British woman, active c. 1900–1934

Mary Ann Smith was an English knocker-upper who worked in London from the 1900s to the 1930s. She used a pea shooter and dried peas as her implements for waking clients, charging each client sixpence a week. Her tool was unusual for the time, as most knocker-uppers had a pole with wire on the end that was used to scratch at windows. Her customers included the dock workers who lived in the East End of London, and she was known for waking hundreds of people every morning during the work week.

==Family and work==
When the 1911 and 1921 censuses were taken, Mary Ann Smith and her husband Thomas Edward Smith (both born ca. 1866) were recorded as living at 71 Brenton Street in Limehouse, east London.
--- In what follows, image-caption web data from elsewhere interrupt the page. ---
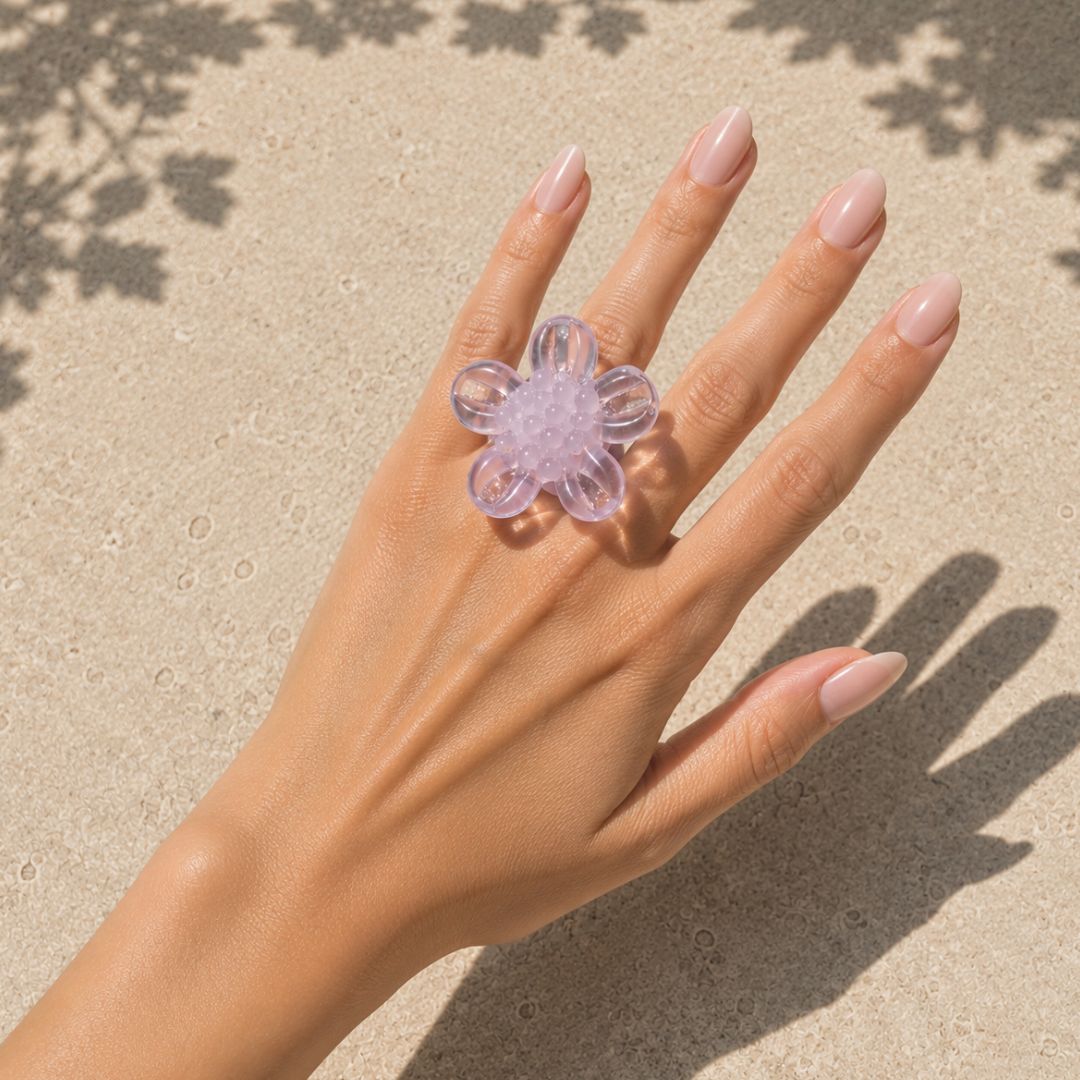 Lavender Petal | Handblown Glass Flower Ring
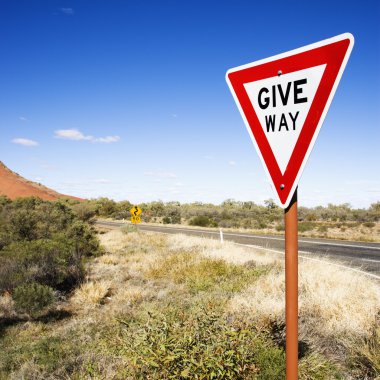 Sign reading Give Way clipart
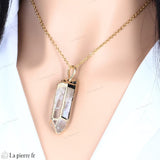 Pendentif Pointe Biterminée Cristal De Roche Et Pierre De Lune Arc En Ciel A Acier Inoxydable Pendentif Pointe Biterminée Cristal De Roche Et Pierre De Lune Arc En Ciel A Acier Inoxydable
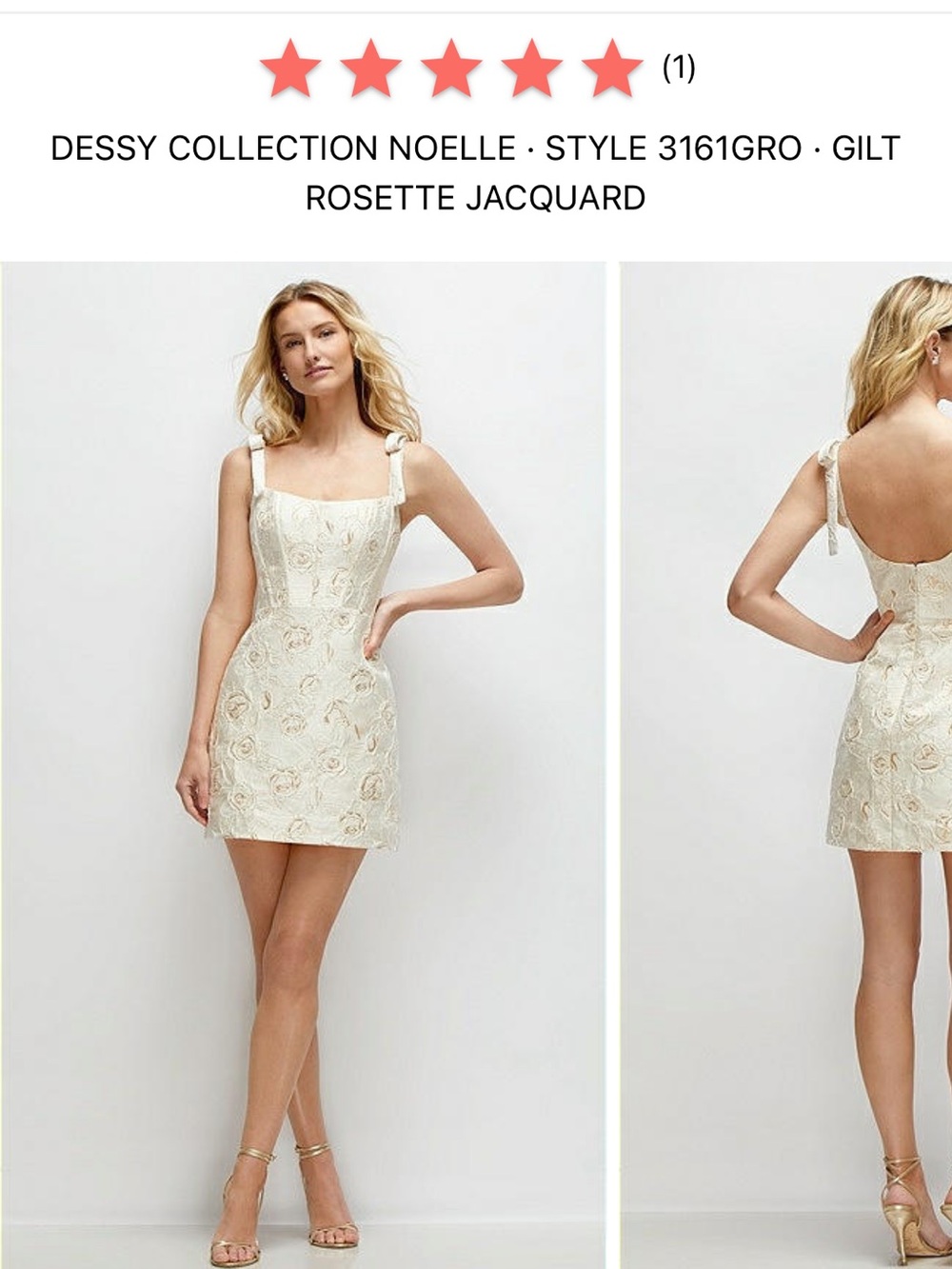 Dessy Collection Gilt Rosette Jacquard Mini Dress - Cream with Gold Accents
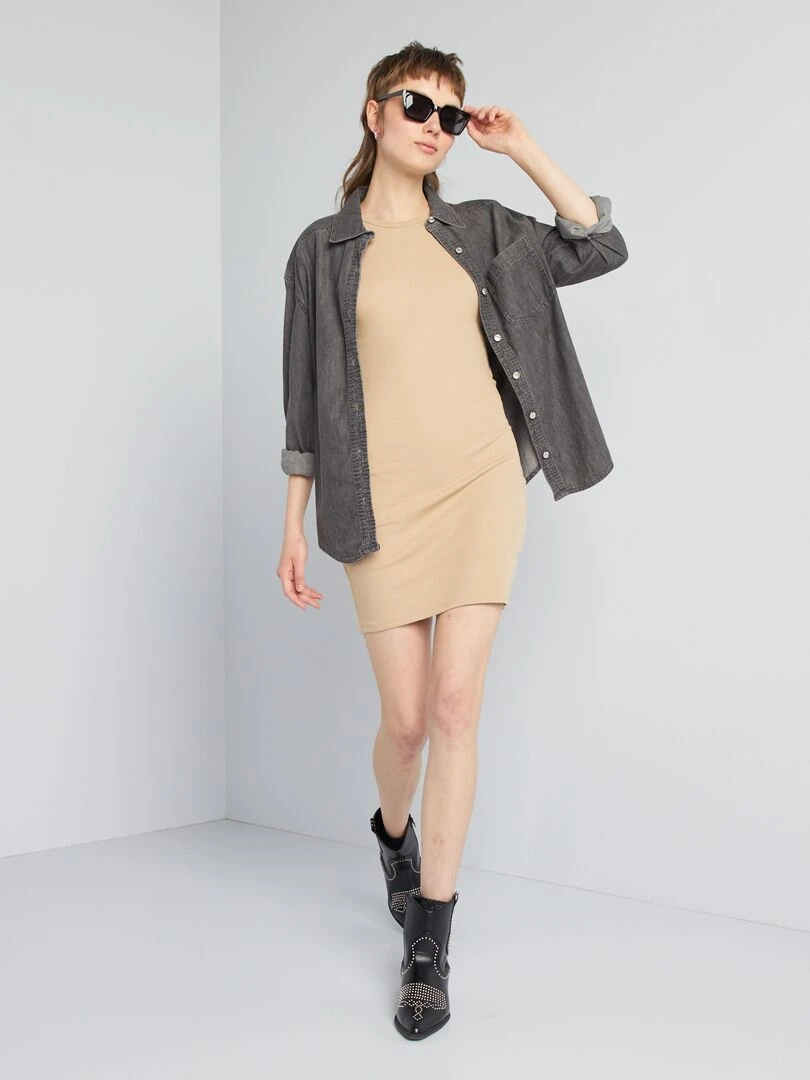 Robe courtes moulante côtelé Beige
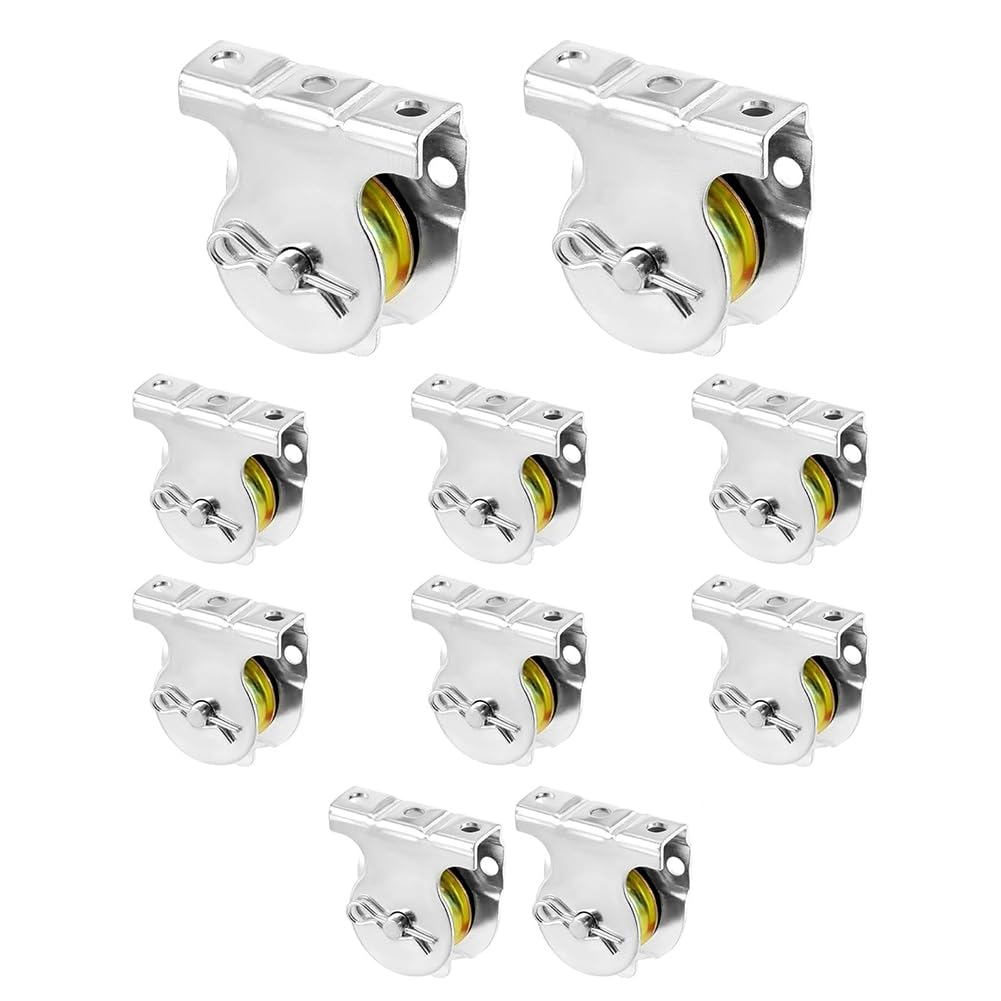 Pomoflexi 10pcs Wall Mount Pulleys, 1-1/2" Ceiling Mount Single Pulley V-Groove Pulley Hardware Accessories for 3/8" Wire or Rope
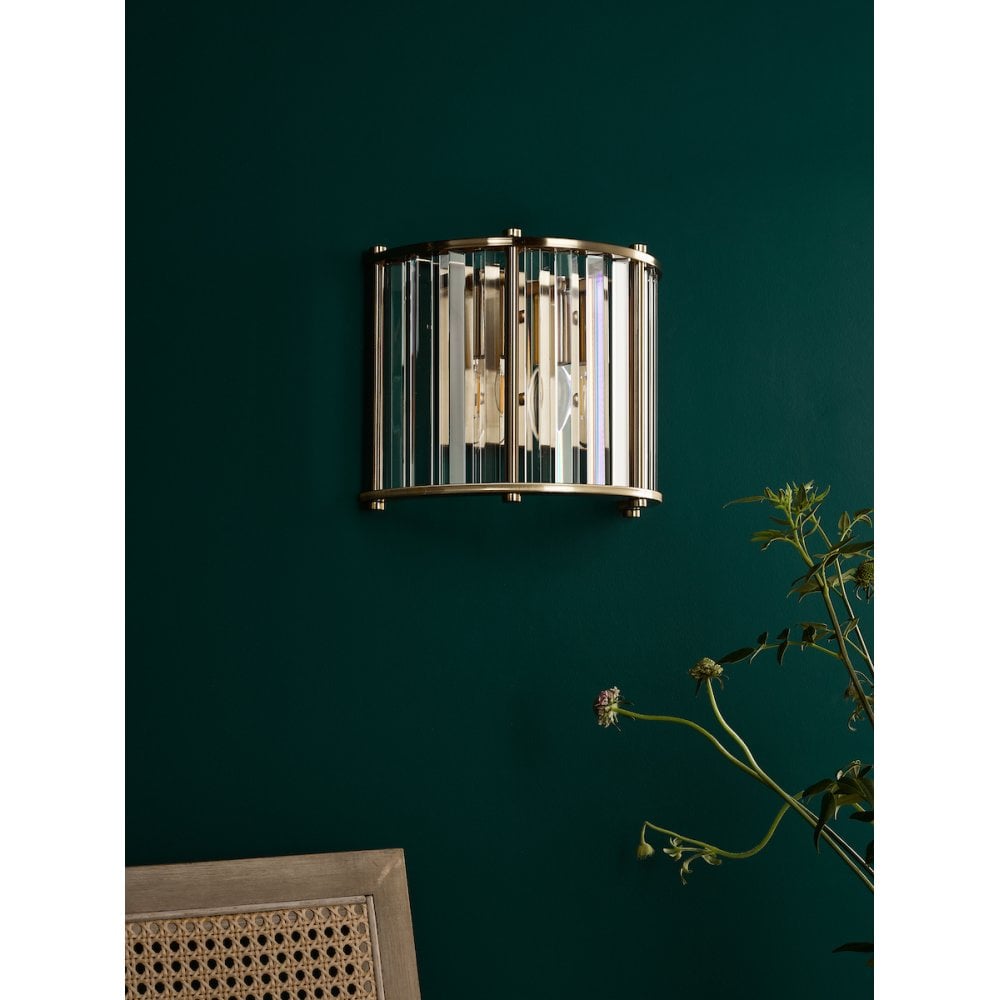 KIR0935 Kiran 2 Light Wall Light Natural Brass and Glass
According to the 1911 census, she had given birth to 16 children, only 2 of whom were still alive: a 21-year-old daughter, Ellen, and a 14-year-old son, Thomas Edward, who worked as a dock messenger. Mary's occupation was recorded as "tin box maker" and her husband's as "riverside labourer".

Their son was the original knocker-upper in the family, and the Jackson Citizen Patriot claimed that he invented the pea shooting technique. He was killed in active service during the First World War, and his parents continued the family occupation. At the time of the 1921 census, Mary's occupation was recorded as "caller up" and her husband's as "watchman". After her husband became permanently disabled in 1930, Mary was the family's sole breadwinner until 1934, when she retired at the age of 69. A daughter, Molly Moore, worked in the same profession and was one of the last remaining knocker-uppers before the tradition largely ended in the 1940s and 1950s.

==Legacy==
The photographer and police officer John Topham took a photo of Smith in 1931 that became synonymous with the occupation of knocker-uppers and also kickstarted Topham's own career after he sold the photo to the Daily Mirror. A 1932 book, Strange as It May Seem by John Hix, described Smith's life and career. In 2003 a picture book entitled Mary Smith was published by Andrea U'Ren and contained a 1927 archival photo of Smith. In the book, Smith goes to the homes of each of her clients, who carried out all the main professions in the town, before waking the mayor and being praised by him for her work. She returns home, happy at her success, to find her children still asleep in bed.